Data extracts:
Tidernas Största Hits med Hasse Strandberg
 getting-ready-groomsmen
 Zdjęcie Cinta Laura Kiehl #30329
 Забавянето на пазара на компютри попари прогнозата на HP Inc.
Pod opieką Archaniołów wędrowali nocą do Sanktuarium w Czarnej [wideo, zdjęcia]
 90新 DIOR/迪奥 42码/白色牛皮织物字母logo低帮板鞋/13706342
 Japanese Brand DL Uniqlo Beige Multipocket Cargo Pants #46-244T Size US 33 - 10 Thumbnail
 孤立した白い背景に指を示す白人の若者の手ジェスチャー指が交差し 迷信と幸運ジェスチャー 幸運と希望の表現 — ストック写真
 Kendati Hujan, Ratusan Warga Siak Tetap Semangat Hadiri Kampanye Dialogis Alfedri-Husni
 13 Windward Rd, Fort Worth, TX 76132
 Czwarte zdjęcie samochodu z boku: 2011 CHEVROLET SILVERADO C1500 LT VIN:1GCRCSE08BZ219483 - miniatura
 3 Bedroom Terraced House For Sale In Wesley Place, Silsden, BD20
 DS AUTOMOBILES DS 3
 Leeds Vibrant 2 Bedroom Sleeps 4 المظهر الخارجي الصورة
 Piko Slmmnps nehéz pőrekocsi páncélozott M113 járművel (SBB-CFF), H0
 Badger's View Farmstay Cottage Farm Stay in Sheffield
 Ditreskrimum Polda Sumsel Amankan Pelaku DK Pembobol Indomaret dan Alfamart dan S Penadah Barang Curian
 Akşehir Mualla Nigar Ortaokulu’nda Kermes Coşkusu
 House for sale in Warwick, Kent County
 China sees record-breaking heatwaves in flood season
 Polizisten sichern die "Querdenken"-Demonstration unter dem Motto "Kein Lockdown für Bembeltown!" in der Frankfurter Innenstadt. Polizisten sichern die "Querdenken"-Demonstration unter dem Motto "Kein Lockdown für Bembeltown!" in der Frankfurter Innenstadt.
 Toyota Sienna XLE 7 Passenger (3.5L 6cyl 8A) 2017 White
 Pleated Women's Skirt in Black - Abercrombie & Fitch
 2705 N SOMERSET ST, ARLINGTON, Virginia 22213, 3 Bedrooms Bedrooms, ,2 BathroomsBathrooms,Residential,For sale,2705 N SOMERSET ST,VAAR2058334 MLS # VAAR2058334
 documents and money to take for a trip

What you need to do:
There is a line with "Забавянето на пазара" and a line with "Leeds Vibrant 2" above. Copy exactly those two lines and all lines between them, with nothing else.

Completed exercise:
 Забавянето на пазара на компютри попари прогнозата на HP Inc.
Pod opieką Archaniołów wędrowali nocą do Sanktuarium w Czarnej [wideo, zdjęcia]
 90新 DIOR/迪奥 42码/白色牛皮织物字母logo低帮板鞋/13706342
 Japanese Brand DL Uniqlo Beige Multipocket Cargo Pants #46-244T Size US 33 - 10 Thumbnail
 孤立した白い背景に指を示す白人の若者の手ジェスチャー指が交差し 迷信と幸運ジェスチャー 幸運と希望の表現 — ストック写真
 Kendati Hujan, Ratusan Warga Siak Tetap Semangat Hadiri Kampanye Dialogis Alfedri-Husni
 13 Windward Rd, Fort Worth, TX 76132
 Czwarte zdjęcie samochodu z boku: 2011 CHEVROLET SILVERADO C1500 LT VIN:1GCRCSE08BZ219483 - miniatura
 3 Bedroom Terraced House For Sale In Wesley Place, Silsden, BD20
 DS AUTOMOBILES DS 3
 Leeds Vibrant 2 Bedroom Sleeps 4 المظهر الخارجي الصورة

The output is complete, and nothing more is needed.